[Records drawn from a dataset]
=== Section Start ===

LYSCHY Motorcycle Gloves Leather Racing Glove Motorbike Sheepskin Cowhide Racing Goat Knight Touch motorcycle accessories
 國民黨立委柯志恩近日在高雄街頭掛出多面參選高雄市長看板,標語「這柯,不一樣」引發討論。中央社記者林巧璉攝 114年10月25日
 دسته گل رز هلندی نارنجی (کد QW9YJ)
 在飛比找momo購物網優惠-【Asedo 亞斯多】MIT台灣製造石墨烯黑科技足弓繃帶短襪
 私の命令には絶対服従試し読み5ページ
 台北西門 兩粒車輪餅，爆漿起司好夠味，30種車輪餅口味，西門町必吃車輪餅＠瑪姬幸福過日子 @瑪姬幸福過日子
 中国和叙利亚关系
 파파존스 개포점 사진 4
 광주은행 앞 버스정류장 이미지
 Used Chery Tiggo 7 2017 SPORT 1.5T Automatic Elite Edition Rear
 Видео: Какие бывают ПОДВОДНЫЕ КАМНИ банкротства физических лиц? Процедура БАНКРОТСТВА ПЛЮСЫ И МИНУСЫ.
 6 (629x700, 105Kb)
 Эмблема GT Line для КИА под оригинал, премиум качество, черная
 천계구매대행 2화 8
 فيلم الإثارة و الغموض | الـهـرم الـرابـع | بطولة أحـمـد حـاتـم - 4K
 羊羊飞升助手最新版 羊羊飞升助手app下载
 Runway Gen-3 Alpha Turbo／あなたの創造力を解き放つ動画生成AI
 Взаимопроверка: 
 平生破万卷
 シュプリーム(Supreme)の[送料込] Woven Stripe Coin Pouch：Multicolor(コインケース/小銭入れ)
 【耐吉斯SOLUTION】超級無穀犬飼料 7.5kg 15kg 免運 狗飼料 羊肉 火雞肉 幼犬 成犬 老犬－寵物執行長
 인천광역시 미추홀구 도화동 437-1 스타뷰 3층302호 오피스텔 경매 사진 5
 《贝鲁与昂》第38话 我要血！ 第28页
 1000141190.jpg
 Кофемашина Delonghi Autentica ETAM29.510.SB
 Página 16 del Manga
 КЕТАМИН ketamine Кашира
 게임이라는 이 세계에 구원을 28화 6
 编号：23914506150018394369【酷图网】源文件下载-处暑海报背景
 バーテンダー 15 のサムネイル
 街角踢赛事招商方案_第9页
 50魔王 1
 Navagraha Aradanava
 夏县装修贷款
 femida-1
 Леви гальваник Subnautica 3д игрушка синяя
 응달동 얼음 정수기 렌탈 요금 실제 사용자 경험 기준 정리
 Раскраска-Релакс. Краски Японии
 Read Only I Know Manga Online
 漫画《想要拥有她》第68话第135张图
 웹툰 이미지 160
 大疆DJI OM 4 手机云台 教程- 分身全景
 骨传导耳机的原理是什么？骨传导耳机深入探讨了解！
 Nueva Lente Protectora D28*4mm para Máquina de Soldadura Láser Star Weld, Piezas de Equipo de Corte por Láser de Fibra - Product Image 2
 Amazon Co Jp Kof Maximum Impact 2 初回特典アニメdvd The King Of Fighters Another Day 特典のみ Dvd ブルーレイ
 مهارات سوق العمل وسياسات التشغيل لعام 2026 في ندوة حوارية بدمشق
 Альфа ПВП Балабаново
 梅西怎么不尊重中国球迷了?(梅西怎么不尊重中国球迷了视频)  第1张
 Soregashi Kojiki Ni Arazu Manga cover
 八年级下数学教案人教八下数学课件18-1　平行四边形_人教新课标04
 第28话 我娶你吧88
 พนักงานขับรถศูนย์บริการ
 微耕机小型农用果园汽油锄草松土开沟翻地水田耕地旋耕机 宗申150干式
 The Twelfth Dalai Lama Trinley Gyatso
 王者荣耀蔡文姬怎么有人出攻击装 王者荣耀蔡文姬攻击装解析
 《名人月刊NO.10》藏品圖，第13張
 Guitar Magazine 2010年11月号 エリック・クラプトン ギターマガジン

=== Section End ===

[TASK REQUIREMENTS] Return the lines of the records that include the string "Manga".

[RESPONSE BOX]
 Página 16 del Manga
 Read Only I Know Manga Online
 Soregashi Kojiki Ni Arazu Manga cover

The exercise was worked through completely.